C Vann Woodward replies:

Both Laura Roper and I are at a disadvantage in this matter. She has not read the book I was reviewing and I have not read her book on Olmsted. But I have read a lot of Olmsted, and I do not believe Fogel and Engerman have misrepresented his views on the Negro slaves. They are careful to point out that, unlike Cassius Marcellus Clay and Hinton Rowan Helper, abolitionists with whom he is compared, Olmsted “was a man of intense goodwill toward Negroes.” They add that, “if our objective were to evaluate the man, his enlightenment would certainly deserve more emphasis than his biases.”

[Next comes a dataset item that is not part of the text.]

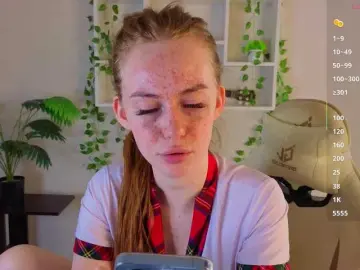 Roxy-Sunny  live sex cam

Biases he undoubtedly had, however, the racial biases of his time, attitudes tagged “racism” by another generation with other attitudes. While he believed that Negroes could “become thoroughly civilized,” he did not think that “in one generation or two the effects of centuries of barbarism and slavery are to be extinguished” or that Negroes “are ever to become Teutons or Celts.” He went further to say that, “The African races compared with the white, at least Teutonic, have greater vanity or love of approbation, a stronger dramatic and demonstrative character, more excitability, less exact or analytic minds, and a nature more sensuous, though (perhaps from want of cultivation) less refined.” As for their work habits, he thought they were “far less adapted for steady, uninterrupted labor than we are, but excel in feats demanding agility and tempestuous energy.”

The point Fogel and Engerman are making is that partly because of Olmsted’s strong opposition to slavery, partly because of his northern chauvinism, but also in part because of his racial biases, he grossly underestimated the efficiency, productivity, and dependable character of slave labor and helped fix upon the black man the stereotype of laziness, incompetence, stupidity, and unreliability that has crippled and handicapped him down to the present time. If these revisionists are correct, on the other hand, black slave labor was far more efficient and productive than free white labor of the mid-nineteenth century.

It should be added that if these or any other writers leave the impression that all abolitionists (among whom they do not include Olmsted) and antislavery people held the same racial biases, they certainly should be corrected. While it is true that most of them would today be called “racists” (a cliché overdue for retirement), they ranged from Helper at one extreme to Garrison at the other. Olmsted fell somewhere in between.